Panic exploded in her chest, and she watched in terrified silence as he knelt beside her and pulled a steel rod from the fire. Its tip glowed orange.
“Breathe…” he said, “and let us begin our dance.”
Her heart thundering, Shara mastered herself and began an even breath. She was on the course. She would see it through. Her breath came to her, steady and powerful. She would do this. She would accept it all.
He touched the glowing rod to the underside of her arm. She lurched, wanting to gasp at the pain, but she continued her breathing.
Again, the rod touched her. Again, she yanked against her bonds, but her breathing remained steady. She pulled the pain into herself.

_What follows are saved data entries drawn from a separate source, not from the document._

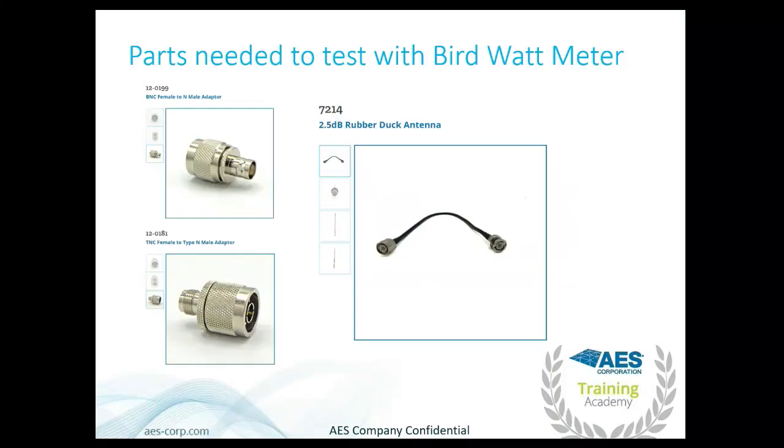Hello and welcome. Today we're testing your subscriber using the Bird watt meter. The parts you'll need are a BNC female to N-type male connector, a TNC female to N-type male connector, and a whip antenna from the rubber duck antenna kit. You'll need two whips, but there's probably one already with the subscriber. Keep in mind the connectors will be different if you're testing an RGA antenna.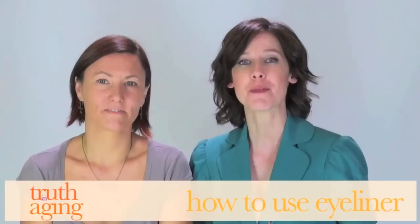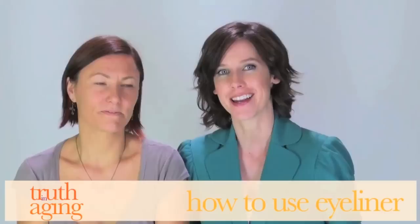Hi, I'm Kristen Arnett, your green beauty expert for Truth in Aging. In this video, I'm going to show you how to use eyeliner not only to define your eyes, but to make them appear brighter and more youthful. And we're going to try it here on our lovely model Merit.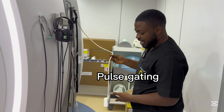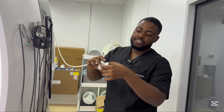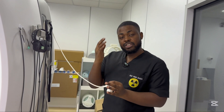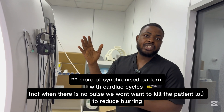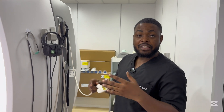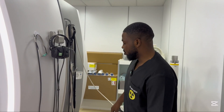This here is called pulse gating. You just place it on the person's finger like this. We use it to check the pulse so the machine can take images in between when there's no pulse activity. We use it when we want to do CSF flow studies, lower and upper limb angiography, and other vascular examinations.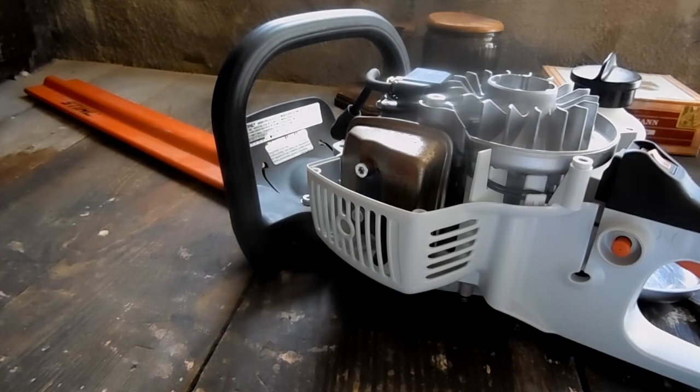Our machine is running well. We set the air gap, checked the secondary resistance, and the machine performed flawlessly. Thanks for watching and I'll see you guys on the next video.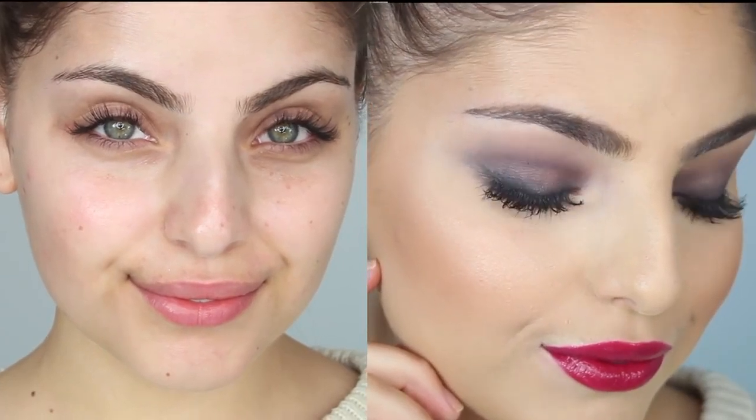And for lips, I applied this beautiful Colour Jolt Lip Paint in the shade 35, just for a beautiful striking pop of colour. And that is pretty much it — I hope you guys enjoyed and I'll see you guys next time.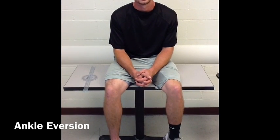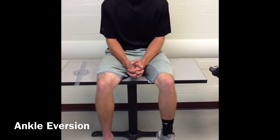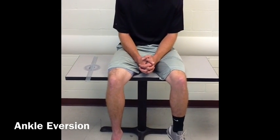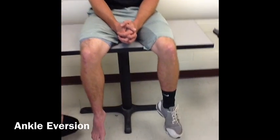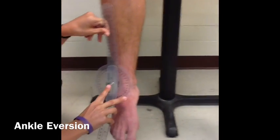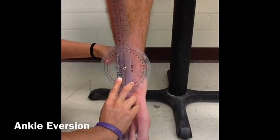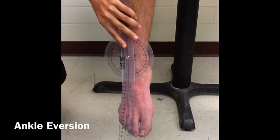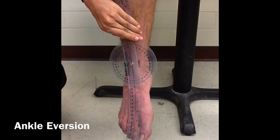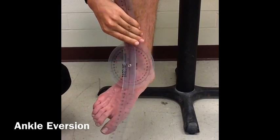Now, we will be measuring eversion of the ankle. Our patient will again be in the short sitting position and they will use the same strategy to measure eversion as inversion. So, place the fulcrum of the goniometer between the two malleoli, with the stationary arm in line with the midline of the tibia and the movement arm in line with the second metatarsal. Then, instruct the patient to move their foot outwards and record range of motion.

It surged through her body, and she ran with it, riding on top of the flood. She could master this.
“Very good,” he said. “Very good. So strong.”
Jesheks’s ani flowed around her, seeping through her wounds, swirling into her chest, warm and welcome.
“Now let’s try something a little more intimate,” he whispered in her ear.
He touched her again on the inside of her thigh and everything changed. The man’s power exploded inside her body, engulfing her, searing her from the inside out. Shara screamed.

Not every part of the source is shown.